Studio One 6’s enhanced video track now includes basic editing. Yes! You can cut out the section of your band’s live video where the drunk guy came up and started singing along. Instead, just go directly to the part after the drunk was kicked out, and you re-started the song from the beginning.
You’ve likely heard the expression about something being “left on the cutting room floor.” Cutting out sections quickly and precisely is a crucial part of video editing. This requires being able to “jog” the cursor to locate the exact spot you want to split the video, down to individual frames (or even milliseconds). After the cursor is in place, then you can type Alt+X/Opt+X to split at the cursor.
For example, suppose I want to cut the section outlined in white in fig. 1. This is from a video I did on how to create a Pro Tools-like Multi-Mono plug-in mode in Studio One.

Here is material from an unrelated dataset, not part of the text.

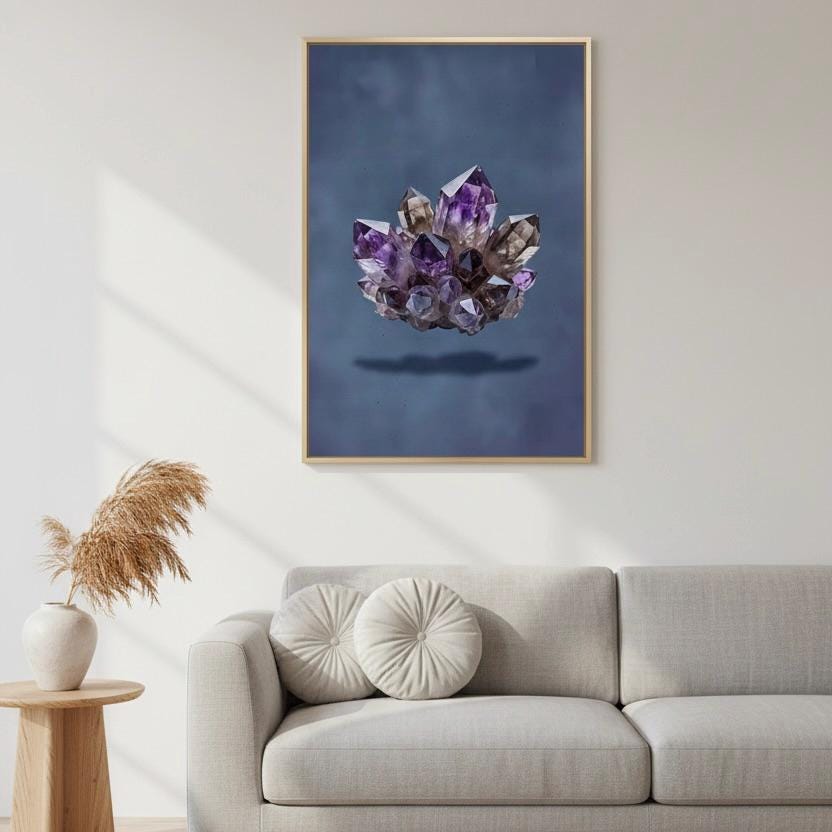 a large framed picture of a cluster of purple crystals hanging on a wall above a gray couch with two round pillows.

Choose the jog calibration you want to use. For precise cursor positioning, use frames or seconds (fig. 2).
If you chose frames, click in the transport’s frames field. Now, every mouse scroll click will jog the cursor forward or backward by one frame. In fig. 3, the cursor has been positioned exactly as desired. After being positioned, select the audio and video events that include the section to be split. Alt+X/Opt+X splits the audio and video events at the cursor position.
Of course, you don’t have to edit with single-frame resolution. For less critical edits, you can just place the cursor at the approximate position, and split.
Note: In a real-world situation, you’d have the video window open to confirm that the video is in the right location, and you’d probably zoom much closer in to make sure the cursor is at the exact split point. However, I wanted the screenshots to accommodate those reading this blog post on a smartphone 😊
Split at the end of the section you want to cut, and then select the video and audio sections to be cut (fig. 4).
Select Ripple editing (fig. 5). Ripple editing moves the video after the removed section earlier on the timeline, so it starts where the removed section started. This closes up the “hole” left by a cut section.
Delete the section you wanted to remove, and now the video closes up so that there’s no gap (fig. 6).
To move around the video, click and drag on the mini-timeline in the video window (fig. 8).